State v. Tien Ngoc Doan, 326 Ark. 583, 933 S.W.2d 369 (1996)

Nov. 11, 1996 · Arkansas Supreme Court · CR 96-348
326 Ark. 583, 933 S.W.2d 369

STATE of Arkansas v. TIEN Ngoc Doan and Trung Do

CR 96-348

933 S.W.2d 369

Supreme Court of Arkansas

Opinion delivered November 11, 1996

Winston Bryant, Att’y Gen., by: Kelly K. Hill, Asst. Att’y Gen., for petitioner-appellant.

Sam Sexton III and Jeanne Ann Whitmire, for respondents-appellees.

PER CURIAM.

Petitioner State of Arkansas requests rehearing on several grounds and seeks clarification of whether this court’s *584decision in State v. Tien, 326 Ark. 71, 929 S.W.2d 155 (1996) (Tien I), affirmed the trial court’s decision to suppress confessions or, alternatively, dismissed the State’s appeal. As the State points out, the difference between affirmance of the trial court’s order and dismissal of the State’s appeal in this context is important in that if our decision in Tien I affirmed the trial court’s suppression order “in its entirety,” this would bar further proceedings against respondents Tien and Trung under Arkansas Rule of Appellate Procedure — Criminal 3(d).

In Tien I, the respondents filed a motion to affirm the trial court’s order in this court due to the State’s failure to file its appellate brief in timely fashion, and the State responded and simultaneously moved that we accept its late brief. Because the State’s brief had not been filed by the final extension date, we quoted from State v. Parkman, 325 Ark. 35, 923 S.W.2d 281 (1996), where we warned of future dismissals in the event the State’s brief in State appeals was not filed by the date of the final extension. In light of the fact that the State’s brief had not been filed by the final-extension date in this case, we affirmed the order of the trial court in Tien I and dismissed the appeal.

It is clear from the history of this matter outlined above that we did not consider the merits of the trial court’s suppression order in Tien I. Rather, we affirmed the trial court’s order on the sole basis that the State’s brief was not timely filed. Thus, we did not sustain the trial court’s order “in its entirety” in order to effect a complete bar to subsequent prosecution as Appellate Rule — Criminal 3(d) contemplates. Our decision in Tien I is more akin to a dismissal of the State’s appeal as we discussed in State v. Parkman, supra.
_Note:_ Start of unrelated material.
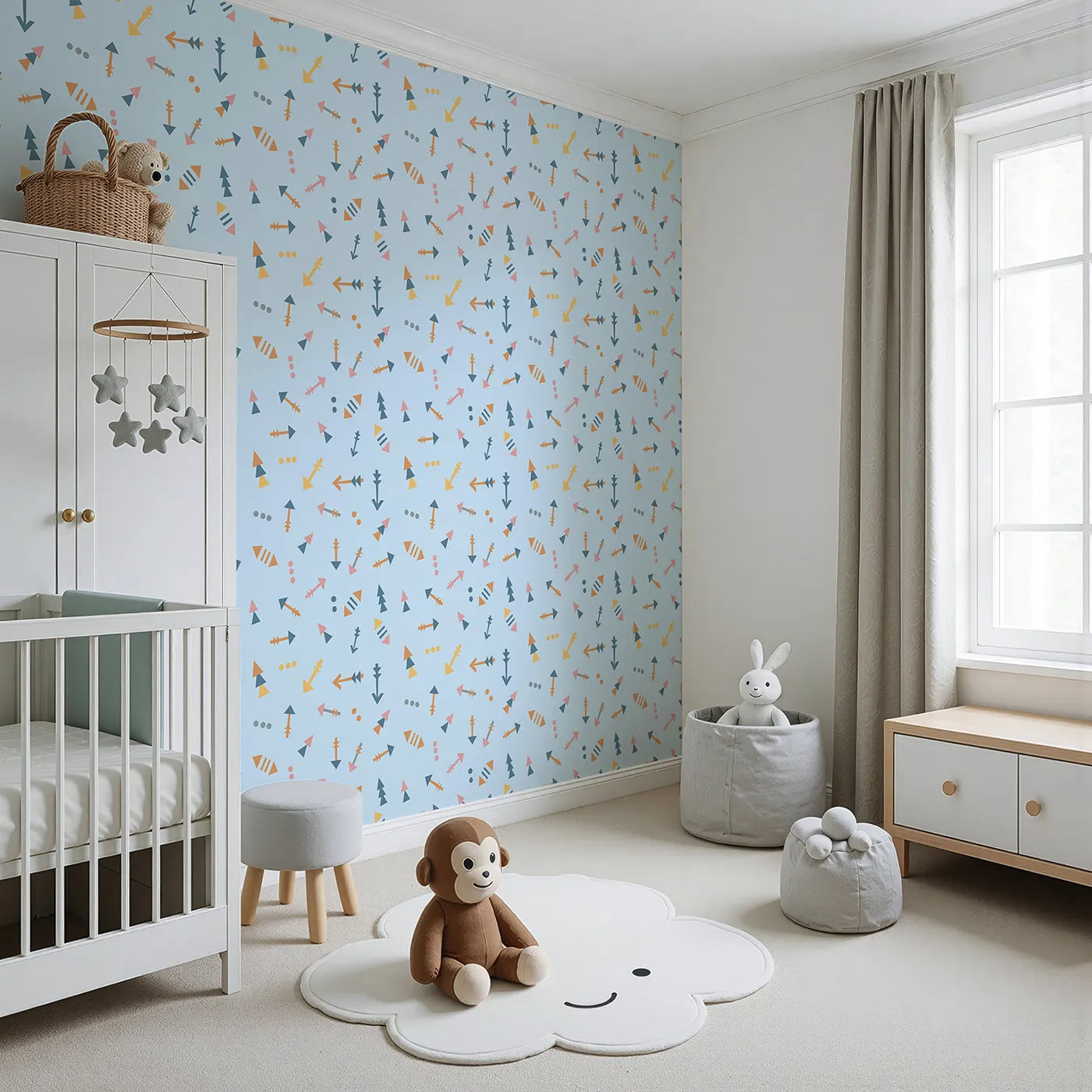 Angled view of Whimsy Tots' Boho Arrows Wallpaper in Blue (W3008D).Soft tribal arrows dance across their wall in cheerful motion.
We, therefore, grant rehearing for the purpose of holding that the State’s appeal is dismissed and that we are not affirming the trial court’s suppression order so as to bar further proceedings in this matter. The effect of our decision is to allow the State to prosecute the respondents, should it so desire, but without the availability of the suppressed statements as evidence. At the same time, we deny the State’s petition that we reverse our order of dismissal.

Glaze, J., dissents.

Tom GLAZE, Justice,

dissenting. The State asks this court to correct its earlier mistakes in dismissing this case because the Attor*585ney General filed a late brief. The State points out that this court’s earlier opinion granted the defendants’ request to affirm the trial court’s suppression order on its merits, thereby barring the State from further prosecuting defendants. Without actually saying it had erred by using the word “affirm,” the majority court now says, “It is clear from the history of this matter outlined above that we did not consider the merits of the trial court’s suppression order in Tien 7.” In short, even when the majority court recognizes its mistake, it cannot concede the mistake in plain terms. I submit that when this court sends mixed signals in the same opinion such as “affirm” and “appeal dismissed,” nothing about that opinion can be considered clear.
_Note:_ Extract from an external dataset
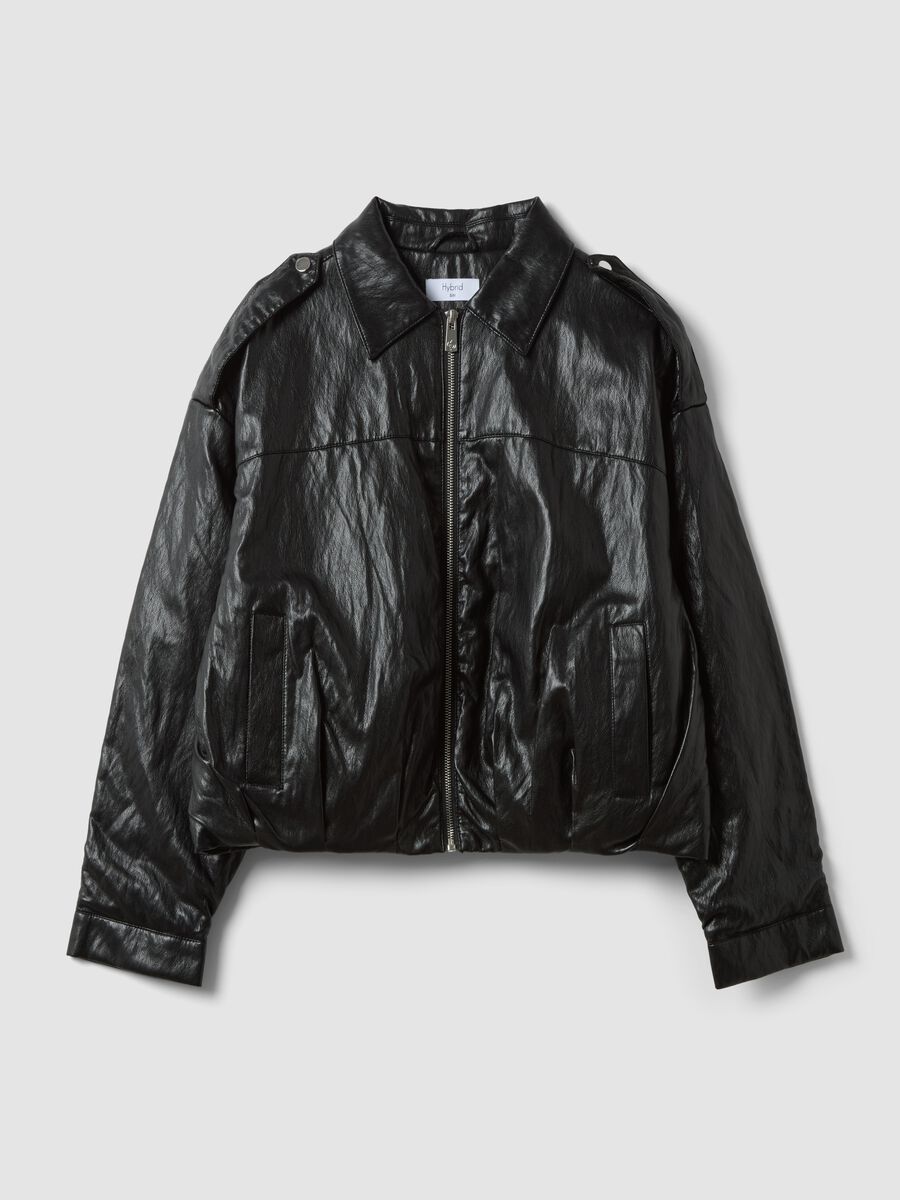 Giacca nera in misto cotone con zip regular fit_0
However, the primary problem with the majority court’s supplemental opinion is that it fails to concede its failure to follow its rules and long-established precedent when dismissing the state’s appeal. As I previously have emphasized, this court has never dismissed a criminal appeal because an attorney failed to file a timely brief. See Glaze, J., dissenting opinions, State v. Tien, 326 Ark. 71, 72, 929 S.W.2d 155 (1996); Bowden v. State, 326 Ark. 266, 931 S.W.2d 104 (1996). This court’s unwillingness to admit its errors in this case does little to preserve the integrity of its decisions. In my sixteen years on the appellate bench, this decision is undoubtedly the worst I have seen from this court. I would reverse Tien I before its precedential value causes further harm.